• PROBLEM DETAILS
Take the entries below and print only the lines from the one with "sourcing map 30uds" through the one with "NASM CNC SECTION", exactly as they stand, both ends included.

(Beginning of SUPPLIED RECORDS)

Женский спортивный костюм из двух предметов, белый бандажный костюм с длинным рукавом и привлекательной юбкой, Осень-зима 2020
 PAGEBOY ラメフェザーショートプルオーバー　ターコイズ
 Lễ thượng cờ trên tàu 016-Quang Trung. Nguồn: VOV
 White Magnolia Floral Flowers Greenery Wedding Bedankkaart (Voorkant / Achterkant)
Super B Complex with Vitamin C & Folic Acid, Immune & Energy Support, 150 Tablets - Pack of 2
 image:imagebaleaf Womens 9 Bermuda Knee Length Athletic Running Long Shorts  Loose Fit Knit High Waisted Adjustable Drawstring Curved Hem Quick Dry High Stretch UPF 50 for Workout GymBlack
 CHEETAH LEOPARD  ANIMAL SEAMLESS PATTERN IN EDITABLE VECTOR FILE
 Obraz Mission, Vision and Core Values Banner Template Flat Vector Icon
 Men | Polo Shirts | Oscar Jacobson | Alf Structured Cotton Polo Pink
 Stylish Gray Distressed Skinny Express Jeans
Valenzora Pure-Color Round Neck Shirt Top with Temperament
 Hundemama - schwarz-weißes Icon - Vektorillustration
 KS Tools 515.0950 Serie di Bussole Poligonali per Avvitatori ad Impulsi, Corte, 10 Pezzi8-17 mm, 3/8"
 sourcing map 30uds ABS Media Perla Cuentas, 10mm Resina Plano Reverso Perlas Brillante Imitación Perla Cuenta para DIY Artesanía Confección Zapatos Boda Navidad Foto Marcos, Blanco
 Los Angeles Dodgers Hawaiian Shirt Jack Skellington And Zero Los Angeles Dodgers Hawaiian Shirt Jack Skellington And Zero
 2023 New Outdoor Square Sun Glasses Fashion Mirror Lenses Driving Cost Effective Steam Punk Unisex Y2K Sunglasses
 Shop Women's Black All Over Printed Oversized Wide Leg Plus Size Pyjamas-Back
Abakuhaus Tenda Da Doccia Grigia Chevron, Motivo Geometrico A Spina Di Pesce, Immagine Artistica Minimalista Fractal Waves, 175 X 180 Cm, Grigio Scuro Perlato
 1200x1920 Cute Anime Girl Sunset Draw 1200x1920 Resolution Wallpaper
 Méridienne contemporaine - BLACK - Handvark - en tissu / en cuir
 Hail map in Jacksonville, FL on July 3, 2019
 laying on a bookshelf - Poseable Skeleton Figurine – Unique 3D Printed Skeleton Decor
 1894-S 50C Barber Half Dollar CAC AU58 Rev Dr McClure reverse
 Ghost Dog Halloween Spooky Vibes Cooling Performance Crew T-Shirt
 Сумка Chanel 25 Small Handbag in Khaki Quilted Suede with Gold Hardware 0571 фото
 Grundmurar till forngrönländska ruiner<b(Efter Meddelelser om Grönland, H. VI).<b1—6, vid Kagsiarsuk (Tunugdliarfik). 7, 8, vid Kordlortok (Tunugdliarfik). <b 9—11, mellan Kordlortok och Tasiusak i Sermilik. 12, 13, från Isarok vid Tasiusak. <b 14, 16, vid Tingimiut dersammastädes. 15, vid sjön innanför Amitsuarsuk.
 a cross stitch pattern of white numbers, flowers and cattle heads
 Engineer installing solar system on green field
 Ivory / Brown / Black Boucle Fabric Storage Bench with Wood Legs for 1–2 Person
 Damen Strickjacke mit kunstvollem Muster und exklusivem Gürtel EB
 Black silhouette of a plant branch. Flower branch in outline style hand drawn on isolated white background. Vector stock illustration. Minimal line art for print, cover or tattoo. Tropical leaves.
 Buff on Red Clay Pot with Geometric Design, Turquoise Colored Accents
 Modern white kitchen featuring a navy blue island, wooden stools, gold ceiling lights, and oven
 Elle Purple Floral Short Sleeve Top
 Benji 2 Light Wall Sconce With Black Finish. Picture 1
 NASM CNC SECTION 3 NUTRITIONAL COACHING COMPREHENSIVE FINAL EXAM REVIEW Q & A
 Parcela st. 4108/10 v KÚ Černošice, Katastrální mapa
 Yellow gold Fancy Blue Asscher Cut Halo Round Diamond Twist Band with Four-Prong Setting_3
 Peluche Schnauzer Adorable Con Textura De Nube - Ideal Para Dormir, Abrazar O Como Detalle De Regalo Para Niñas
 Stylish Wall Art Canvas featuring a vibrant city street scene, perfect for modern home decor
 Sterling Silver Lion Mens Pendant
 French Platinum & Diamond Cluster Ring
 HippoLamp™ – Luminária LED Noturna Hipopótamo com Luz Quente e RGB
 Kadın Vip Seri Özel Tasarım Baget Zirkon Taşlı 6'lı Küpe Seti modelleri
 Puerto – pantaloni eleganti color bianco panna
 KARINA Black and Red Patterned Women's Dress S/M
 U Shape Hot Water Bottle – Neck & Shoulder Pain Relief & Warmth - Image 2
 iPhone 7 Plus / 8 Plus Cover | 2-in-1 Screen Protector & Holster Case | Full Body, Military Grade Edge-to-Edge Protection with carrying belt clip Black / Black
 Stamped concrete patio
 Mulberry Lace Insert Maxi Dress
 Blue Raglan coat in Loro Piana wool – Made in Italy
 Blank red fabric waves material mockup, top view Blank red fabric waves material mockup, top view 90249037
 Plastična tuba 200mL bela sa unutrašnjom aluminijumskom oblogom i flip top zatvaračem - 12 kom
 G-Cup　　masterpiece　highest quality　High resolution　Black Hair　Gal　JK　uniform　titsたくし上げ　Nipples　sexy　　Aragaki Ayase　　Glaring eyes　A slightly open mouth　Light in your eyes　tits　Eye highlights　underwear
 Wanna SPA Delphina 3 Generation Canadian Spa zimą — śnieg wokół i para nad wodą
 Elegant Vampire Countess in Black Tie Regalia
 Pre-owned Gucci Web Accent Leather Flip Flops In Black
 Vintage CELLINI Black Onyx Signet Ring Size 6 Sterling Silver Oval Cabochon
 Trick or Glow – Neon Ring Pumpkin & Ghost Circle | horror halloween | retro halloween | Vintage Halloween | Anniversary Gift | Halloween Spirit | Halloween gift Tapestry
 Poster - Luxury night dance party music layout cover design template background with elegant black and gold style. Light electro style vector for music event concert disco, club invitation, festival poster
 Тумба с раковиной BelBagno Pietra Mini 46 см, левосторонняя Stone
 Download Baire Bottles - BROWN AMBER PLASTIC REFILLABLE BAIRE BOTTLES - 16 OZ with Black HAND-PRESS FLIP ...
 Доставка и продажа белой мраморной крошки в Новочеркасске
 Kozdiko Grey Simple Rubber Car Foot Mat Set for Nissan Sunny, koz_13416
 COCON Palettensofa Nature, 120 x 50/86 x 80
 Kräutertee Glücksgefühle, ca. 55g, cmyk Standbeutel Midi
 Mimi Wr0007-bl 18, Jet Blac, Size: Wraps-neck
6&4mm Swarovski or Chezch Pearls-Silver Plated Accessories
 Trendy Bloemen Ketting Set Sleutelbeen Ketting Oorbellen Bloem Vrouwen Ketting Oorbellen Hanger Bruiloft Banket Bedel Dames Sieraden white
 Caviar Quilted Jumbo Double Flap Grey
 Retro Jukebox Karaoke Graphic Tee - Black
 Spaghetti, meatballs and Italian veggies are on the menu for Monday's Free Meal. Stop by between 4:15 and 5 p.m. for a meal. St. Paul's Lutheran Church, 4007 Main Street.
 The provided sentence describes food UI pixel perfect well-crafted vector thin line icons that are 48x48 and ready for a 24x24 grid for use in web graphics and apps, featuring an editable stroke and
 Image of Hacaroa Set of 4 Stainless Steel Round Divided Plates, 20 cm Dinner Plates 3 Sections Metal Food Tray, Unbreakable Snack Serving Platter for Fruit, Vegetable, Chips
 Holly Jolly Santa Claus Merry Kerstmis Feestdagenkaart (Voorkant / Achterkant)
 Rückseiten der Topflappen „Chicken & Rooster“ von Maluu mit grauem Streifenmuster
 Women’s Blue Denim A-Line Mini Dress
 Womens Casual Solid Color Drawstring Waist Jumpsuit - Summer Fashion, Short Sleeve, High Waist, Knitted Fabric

(End of SUPPLIED RECORDS)

• RESPONSE TO THIS EXERCISE
 sourcing map 30uds ABS Media Perla Cuentas, 10mm Resina Plano Reverso Perlas Brillante Imitación Perla Cuenta para DIY Artesanía Confección Zapatos Boda Navidad Foto Marcos, Blanco
 Los Angeles Dodgers Hawaiian Shirt Jack Skellington And Zero Los Angeles Dodgers Hawaiian Shirt Jack Skellington And Zero
 2023 New Outdoor Square Sun Glasses Fashion Mirror Lenses Driving Cost Effective Steam Punk Unisex Y2K Sunglasses
 Shop Women's Black All Over Printed Oversized Wide Leg Plus Size Pyjamas-Back
Abakuhaus Tenda Da Doccia Grigia Chevron, Motivo Geometrico A Spina Di Pesce, Immagine Artistica Minimalista Fractal Waves, 175 X 180 Cm, Grigio Scuro Perlato
 1200x1920 Cute Anime Girl Sunset Draw 1200x1920 Resolution Wallpaper
 Méridienne contemporaine - BLACK - Handvark - en tissu / en cuir
 Hail map in Jacksonville, FL on July 3, 2019
 laying on a bookshelf - Poseable Skeleton Figurine – Unique 3D Printed Skeleton Decor
 1894-S 50C Barber Half Dollar CAC AU58 Rev Dr McClure reverse
 Ghost Dog Halloween Spooky Vibes Cooling Performance Crew T-Shirt
 Сумка Chanel 25 Small Handbag in Khaki Quilted Suede with Gold Hardware 0571 фото
 Grundmurar till forngrönländska ruiner<b(Efter Meddelelser om Grönland, H. VI).<b1—6, vid Kagsiarsuk (Tunugdliarfik). 7, 8, vid Kordlortok (Tunugdliarfik). <b 9—11, mellan Kordlortok och Tasiusak i Sermilik. 12, 13, från Isarok vid Tasiusak. <b 14, 16, vid Tingimiut dersammastädes. 15, vid sjön innanför Amitsuarsuk.
 a cross stitch pattern of white numbers, flowers and cattle heads
 Engineer installing solar system on green field
 Ivory / Brown / Black Boucle Fabric Storage Bench with Wood Legs for 1–2 Person
 Damen Strickjacke mit kunstvollem Muster und exklusivem Gürtel EB
 Black silhouette of a plant branch. Flower branch in outline style hand drawn on isolated white background. Vector stock illustration. Minimal line art for print, cover or tattoo. Tropical leaves.
 Buff on Red Clay Pot with Geometric Design, Turquoise Colored Accents
 Modern white kitchen featuring a navy blue island, wooden stools, gold ceiling lights, and oven
 Elle Purple Floral Short Sleeve Top
 Benji 2 Light Wall Sconce With Black Finish. Picture 1
 NASM CNC SECTION 3 NUTRITIONAL COACHING COMPREHENSIVE FINAL EXAM REVIEW Q & A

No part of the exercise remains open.